What it means for you#

  • Investors and shareholders

    • You can now buy and hold more than 15% of ISC’s voting shares. The past rules that blocked dividends or voting rights above the cap no longer apply.
    • ISC will no longer assess whether investors are “associated” for the purpose of enforcing the 15% limit, because that limit is repealed.
    • Takeovers or large strategic investments in ISC would likely be easier. However, the “golden share” and the new transfer protections still limit certain major moves affecting core assets or obligations.
  • ISC management and board

    • The board will include exactly 2 directors appointed annually by the Lieutenant Governor in Council. If more than 2 government appointees are on the board when the law takes effect, they remain until the next annual meeting.
    • Monitoring, presumption, and enforcement steps tied to the old 15% share limit are removed.
    • New wording captures direct or indirect transfers that could move key intellectual property outside Saskatchewan or that could prevent or delay ISC or ISC Saskatchewan Inc. from meeting the 2023 agreements. Such moves would likely trigger the golden share rights.
  • Government of Saskatchewan and Crown Investments Corporation (CIC)

    • CIC’s influence on board appointments is set at 2 seats, regardless of its share ownership level.
    • The bill confirms CIC can preserve its golden share through a plan of arrangement, as long as the golden share after the reorganization is identical in rights and terms.
  • Registry users (businesses, property owners, professionals)

    • Day-to-day services are not changed by the bill.

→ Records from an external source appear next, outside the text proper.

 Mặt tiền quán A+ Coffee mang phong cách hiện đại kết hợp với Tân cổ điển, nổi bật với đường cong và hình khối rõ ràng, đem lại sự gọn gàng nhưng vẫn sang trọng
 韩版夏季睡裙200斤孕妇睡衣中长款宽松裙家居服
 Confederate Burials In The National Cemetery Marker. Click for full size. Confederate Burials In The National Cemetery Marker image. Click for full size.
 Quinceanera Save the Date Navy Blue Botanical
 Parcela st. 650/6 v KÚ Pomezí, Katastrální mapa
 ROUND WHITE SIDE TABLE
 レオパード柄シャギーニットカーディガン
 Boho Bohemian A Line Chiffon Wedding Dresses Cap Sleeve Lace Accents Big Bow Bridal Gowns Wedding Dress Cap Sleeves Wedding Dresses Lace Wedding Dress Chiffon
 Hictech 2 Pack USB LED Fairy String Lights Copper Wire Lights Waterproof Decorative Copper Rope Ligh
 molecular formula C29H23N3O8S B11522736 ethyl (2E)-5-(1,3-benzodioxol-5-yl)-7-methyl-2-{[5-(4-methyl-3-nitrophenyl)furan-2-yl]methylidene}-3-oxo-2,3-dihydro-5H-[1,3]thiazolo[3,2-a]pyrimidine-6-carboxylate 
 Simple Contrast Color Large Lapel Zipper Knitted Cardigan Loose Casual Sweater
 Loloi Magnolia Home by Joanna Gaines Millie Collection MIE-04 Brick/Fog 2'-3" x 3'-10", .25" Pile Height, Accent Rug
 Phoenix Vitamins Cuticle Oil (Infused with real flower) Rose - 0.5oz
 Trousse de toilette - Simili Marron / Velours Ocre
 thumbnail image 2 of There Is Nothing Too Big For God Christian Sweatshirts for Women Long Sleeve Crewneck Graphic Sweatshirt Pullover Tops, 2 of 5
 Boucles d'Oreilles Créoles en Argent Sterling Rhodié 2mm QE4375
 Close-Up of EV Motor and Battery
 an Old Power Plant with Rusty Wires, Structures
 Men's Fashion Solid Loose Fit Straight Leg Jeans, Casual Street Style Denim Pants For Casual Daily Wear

The added asset and intellectual property protections are aimed at keeping key capabilities in Saskatchewan and maintaining service obligations under ISC’s contracts with the province.
  • General public

    • This bill mainly affects corporate control and governance of ISC. It does not change fees or the delivery of registry services directly.

Expenses#

No publicly available information.

  • The repeal of the 15% ownership cap could reduce ISC’s internal compliance and monitoring tasks; no cost estimate is provided.
  • No new spending, fines, or fees are identified in the bill text.

Proponents' View#

  • The bill appears intended to modernize ISC’s ownership and governance by removing the 15% ownership cap and the complex associated rules.
  • Fixing government appointments at two directors could provide predictability, instead of tying appointments to fluctuating government shareholdings.
  • The added protections on intellectual property and critical functions could be seen as safeguarding Saskatchewan-based capabilities and ensuring ISC can meet its 2023 contract commitments to the province.
  • Clarifying that the golden share continues through a plan of arrangement could support corporate flexibility while preserving the province’s key protective rights.

Opponents' View#

  • One concern is that removing the 15% cap could allow concentrated ownership or a takeover of ISC, potentially reducing dispersed shareholder influence. While the golden share remains, its scope and limits are not detailed in this bill.
  • Fixing government appointments at two may reduce public-sector influence on the board if, under the prior formula, the government would have appointed more than two directors.
  • The broader limits on transferring intellectual property and functions (including indirect transfers) may constrain ISC’s flexibility in future deals or reorganizations.
  • The bill does not explain in detail how the new transfer safeguards will be enforced in practice beyond existing golden share mechanisms, which could raise implementation questions.